Let me clarify something: I do not wish to sound like one of those ghastly hipsters who are against everything that even remotely looks mainstream. I like Dara Ó’Briain’s stand ups. I watch Have I Got News For You. I don’t enjoy watching an obscure Tajik contemporary dance quartet in a skip on the shore of Regent’s Canal in the middle of January with ten or so teenage entities – I’m writing entities, because I honestly can’t tell which one of them is a girl or a boy – who took their grandfathers spectacles to achieve the look of a failed middle-aged Cardiff sculptor. Events like these are not even on the same page with ‘fun’ in my vocabulary. It’s possible that I’m stepping on fragile soil when I say they might be rubbish and not artistic in any way, shape or form. Even though I’ve nothing against Tajiks. Or dance quartets.

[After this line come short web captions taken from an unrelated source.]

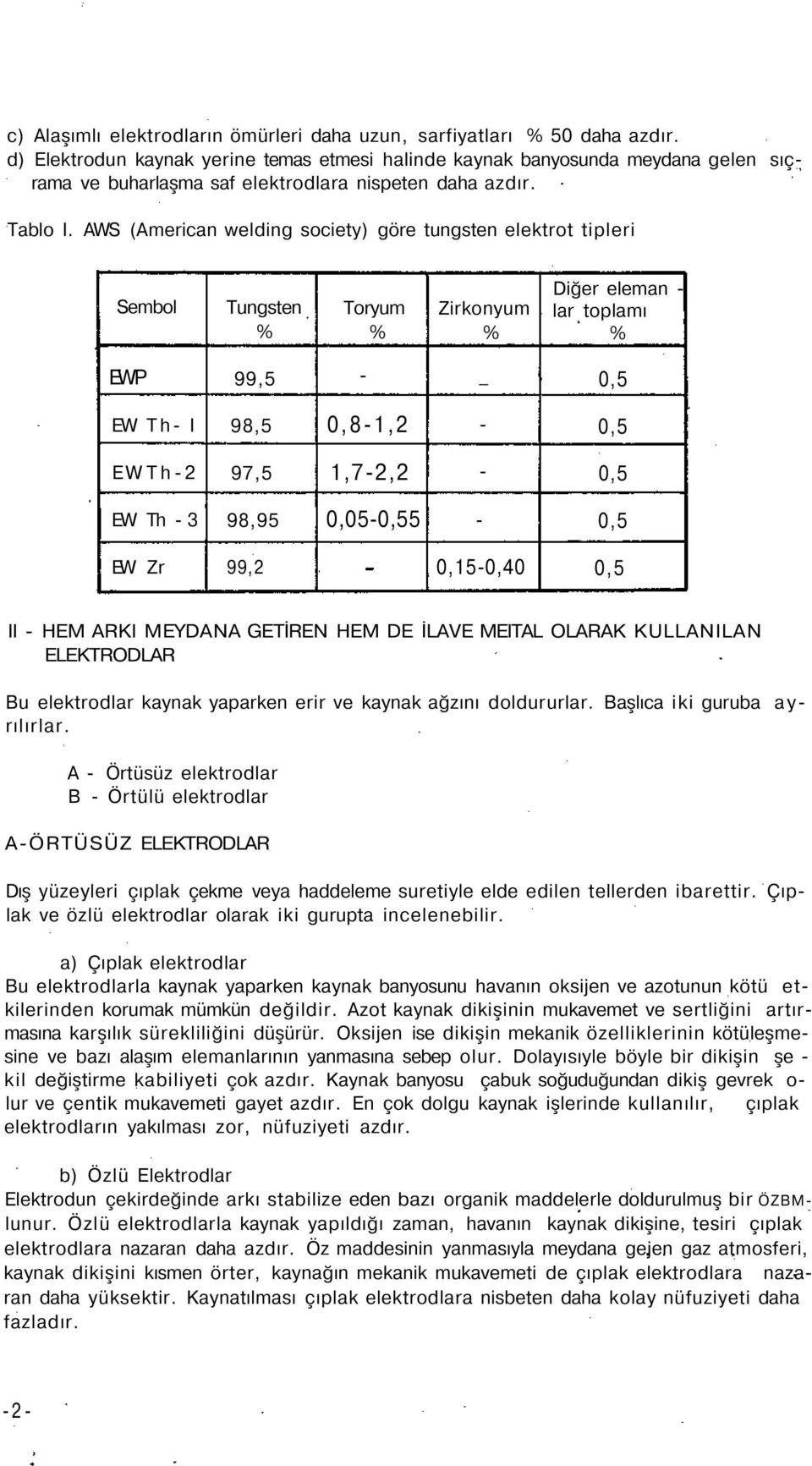 AWS (American welding society) göre tungsten elektrot tipleri Sembol Tungsten % Toryum % Zirkonyum % Diğer eleman - lar toplamı % EWP 99, - _ 0, EW Th- I 98, 0,8-1,2-0, EWTh-2 97, 1,7-2,2-0, EW Th -3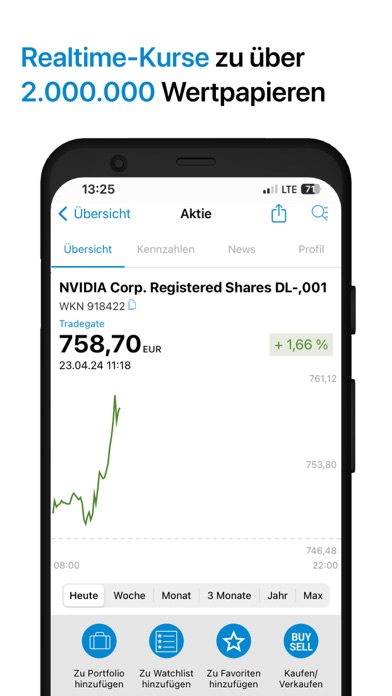 Finanzen100 - Börse & Aktien Screenshot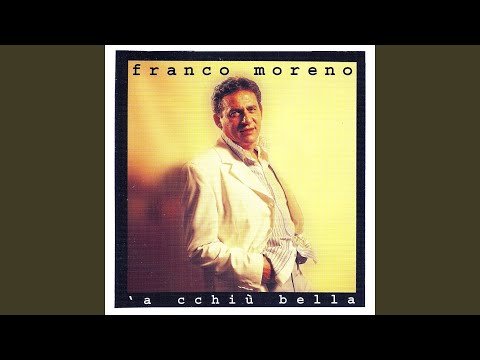 Ver Cchiu tardi no YouTube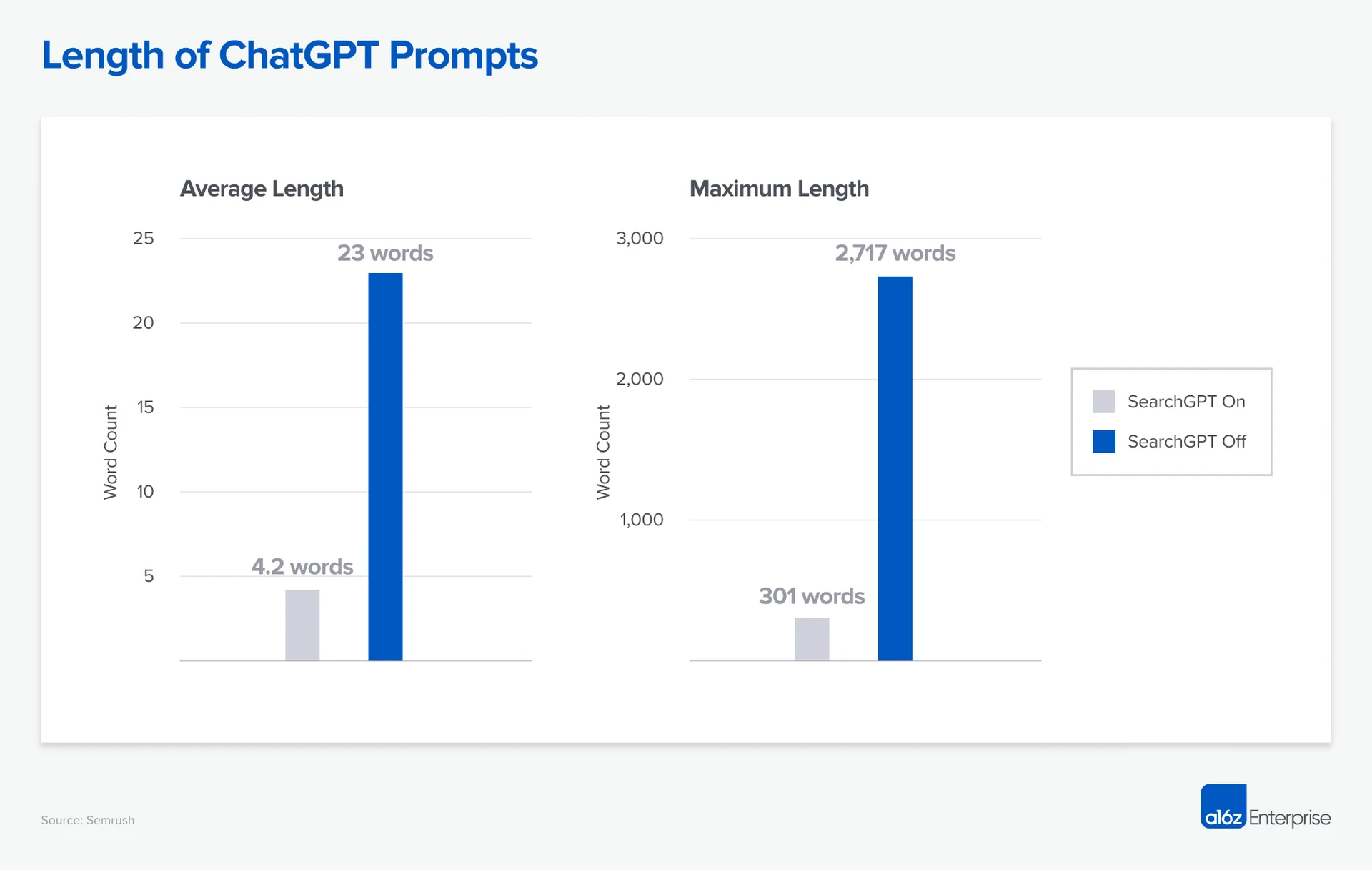 평균적인 GPT 프롬프트 길이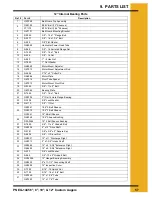 Preview for 57 page of GSI Group PNEG-1445 Assembly & Operation Manual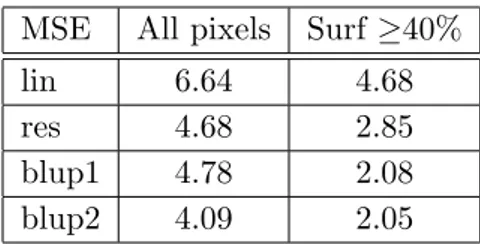 Tab. 4 – Interpolation errors of the PVI index for the SPOT4 high resolution pixels containing ”Wheat” crops as well as those for which the ”Wheat” plots represent more than 40 % of the total surface.
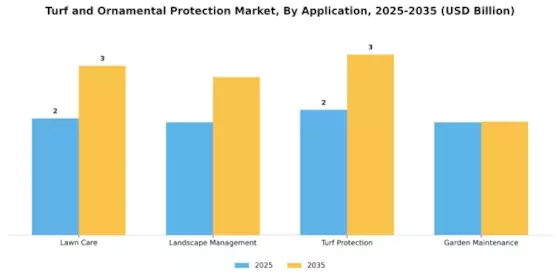 Turf Ornamental Protection Market Segment Image 0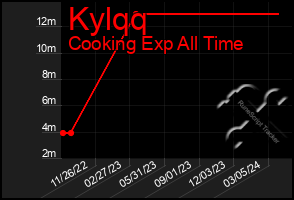 Total Graph of Kylqq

Fortunately enough when I was invited to The Comedy Pub in Central London the other night I haven’t seen anyone in Ray Ban glasses or ridiculously tight trousers: the audience looked like audience, and I’m happy to report that the performers looked like performers and not wannabe artists.
The backbone of the event was the performance of The Real MacGuffins – Dan March, Jim Millard and Matt Sheahan respectively – whose performance was vigorous and energetic with a hint of outlandish campness, but all in good taste. The most innovative of them all was the so-called Charity Sketch for the Struggling Graphic Designers, where all the punchlines were names of fonts – very well written and performed bit, you have to see it.

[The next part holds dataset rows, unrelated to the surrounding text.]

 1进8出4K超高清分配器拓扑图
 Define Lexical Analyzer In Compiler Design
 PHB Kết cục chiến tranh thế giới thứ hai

Morris & Vyse – Anna Morris and Beth Vyse – were something different. I have to confess: that was the second time I watched the two of them performing, but it felt like listening to The Beatles in 1961 in a back room in Liverpool. Or watching Dawn French and Jennifer Saunders for the first time on stage. It may sound outrageous – and I don’t ever make predictions about anything – but trust my worlds, they’ll soon to be launched into world fame and recognition. They deserve it.
Sadly the Christmas for Two – Amy Hoggart and Sarah Campbell – for some reason didn’t really work. Pity, because the pair of them are pretty good performers (I did some background check on them before I sat down to write this bit). I know I won’t be the most popular person in the room but I felt that the ‘shallow-working class-desperate-girls’ routine lost its freshness in the past couple of years.

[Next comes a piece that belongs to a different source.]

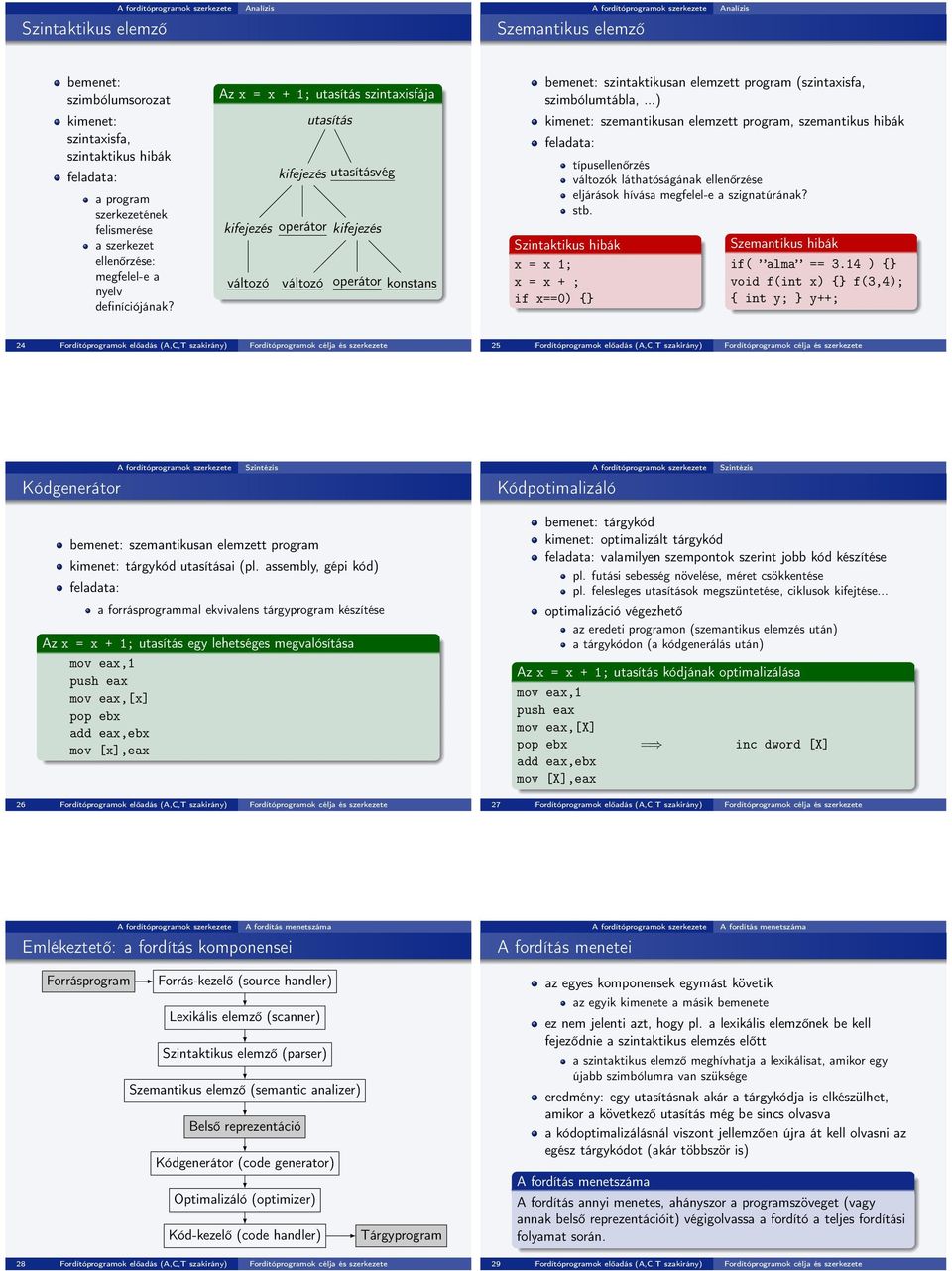 Az x = x + 1; utasítás szintaxisfája utasítás kifejezés utasításvég kifejezés operátor kifejezés változó változó operátor konstans bemenet: szintaktikusan elemzett program (szintaxisfa,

Then came the Zeus’ Pamphlet and suddenly I felt mixed feelings. Unfortunately the sketches weren’t so brilliant – most of them were easy to figure out – but the performances, more particularly the physical comedy of Emma Rasmussen were brilliant. Not only her body, but her face had a life of her own which rescued many of the sketches from utter disaster.
The Beta Males’ performance – who all dressed tie and vest as they just graduated from waiter-school – could only be gently described by the words of the late Bishop of Southwark, Mervyn Stockwood; undergraduate humor. There is nothing wrong with that, but frankly their sketches weren’t as inspired and inventive as the rest of the performers. In time they will get better, I’m absolutely sure about it and can’t wait to see where they will go.
Steve McNeil and Sam Pamphilon were last – after knocking a glass over a girl sitting in the first row – and they did a fantastic off-beat stint, even though it lacked the fluency that would have made their Fireman-sketch the best one of the night. At least from now we have a new catchphrase: ‘I’m water and/or foam man!’
I have not any onion, but I leave a rectangle. Best greetings.